An even more disturbing discovery: the age group that saw the biggest surge in suicides since the end of the millennium was Baby Boomers, Americans in their fifties. Their suicide rate boosted by nearly 50 percent. Concern about suicide usually focuses on troubled teens, not adults entering their golden years – what happened? The CDC's deputy director explained in The New York Times that the jump in Baby Boomer numbers is due partly to economic ills suffered during the study’s span of time.

After going on to detail the increase in the most popular methods for ending one’s own life (suffocation, poisoning and firearms, for those morbidly interested), Abad-Santos oddly chose to close with this:

Considering that we've just ruined your day — and that someone apparently shot himself in the head at an airport in Houston today — we leave you with this... a pair of guinea pig brothers chewing in unison:

And then he posted a 25-second video of two Guinea pigs comically chewing in sync.

(Insert sound effect of a turntable scratch.)

Huh? The hairpin turn in tone couldn’t have been more bizarrely and offensively inappropriate. I was reminded of Monty Python’s John Cleese, clad in a dinner suit, entering a comedy sketch as a radio commentator to abruptly announce, “And now for something completely different.”

Apparently Abad-Santos realized or was informed of his gaffe, because the article was swiftly edited so that the video was merely linked to, not embedded in the piece. The ending was also rewritten in a rather halfhearted effort to soften the edges of the tone:

Considering that we've just ruined your day — and that someone apparently shot himself in the head at an airport in Houston today — we're just going to stop now, crawl into bed and watch this video and try and feel better about these sobering facts.

Why Abad-Santos or his editor didn’t simply scrub the flippant video reference altogether, I can’t fathom. But at the risk of reading too much into this one example of what may simply have been one writer’s grotesque lapse in taste, I can’t resist picking at it for cultural significance.

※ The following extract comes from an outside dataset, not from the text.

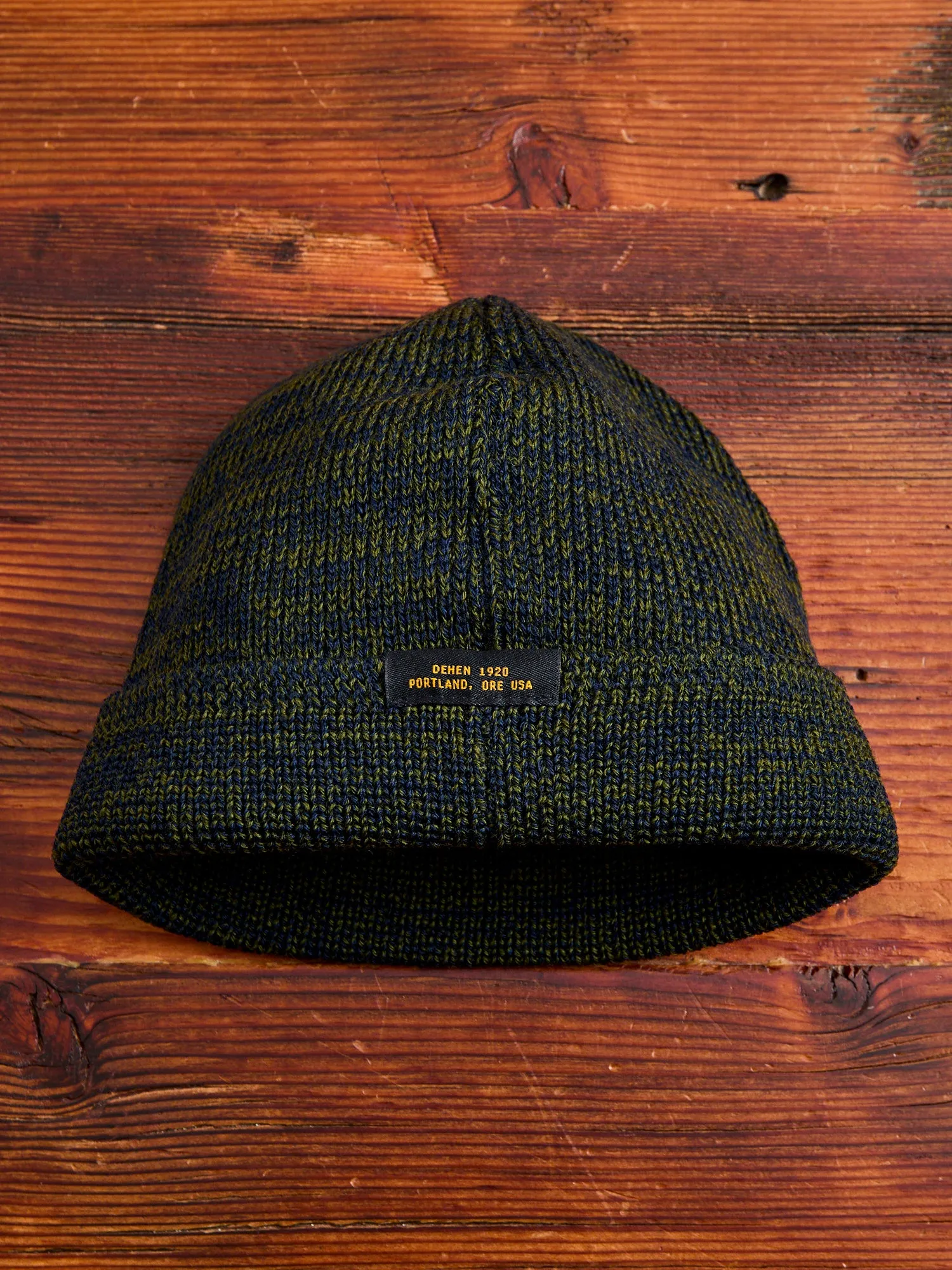 Wool Knit Watch Cap in Loden/Navy Mix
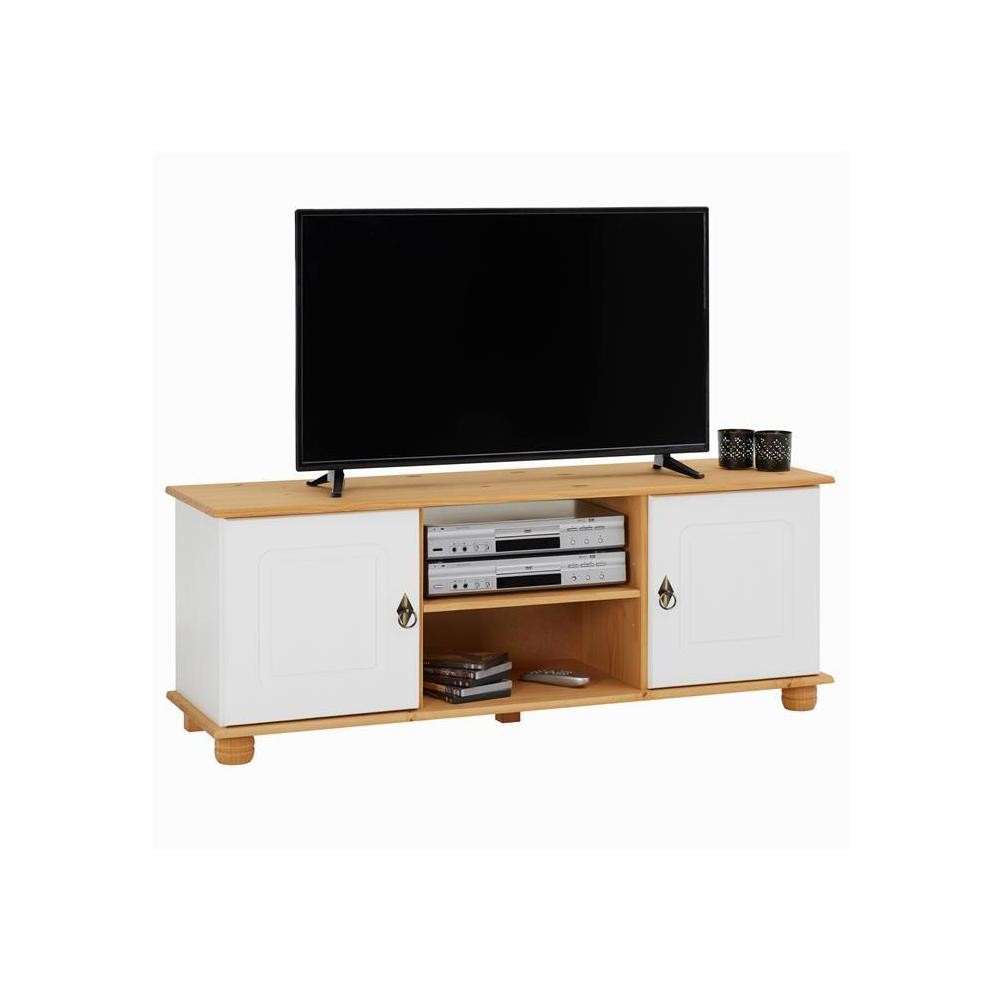 meuble tv en pin belfort 2 portes + 2 niches lasuré blanc et brun (GiFi-MOB-8454)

In his landmark 1985 polemic Amusing Ourselves to Death, about the corrosive effects of television on our political and public discourse, Neil Postman devoted a whole chapter to what was once a very common television phrase, “Now… this”:

“Now... this” is commonly used on radio and television newscasts to indicate that what one has just heard or seen has no relevance to what one is about to hear or see, or possibly to anything one is ever likely to hear or see. The phrase is a means of acknowledging the fact that the world as mapped by the speeded-up electronic media has no order or meaning and is not to be taken seriously. There is no murder so brutal, no earthquake so devastating, no political blunder so costly – for that matter, no ball score so tantalizing or weather report so threatening – that it cannot be erased from our minds by a newscaster saying, “Now... this.” The newscaster means that you have thought long enough on the previous matter (approximately forty-five seconds), that you must not be morbidly preoccupied with it (let us say, for ninety seconds), and that you must now give your attention to another fragment of news or a commercial.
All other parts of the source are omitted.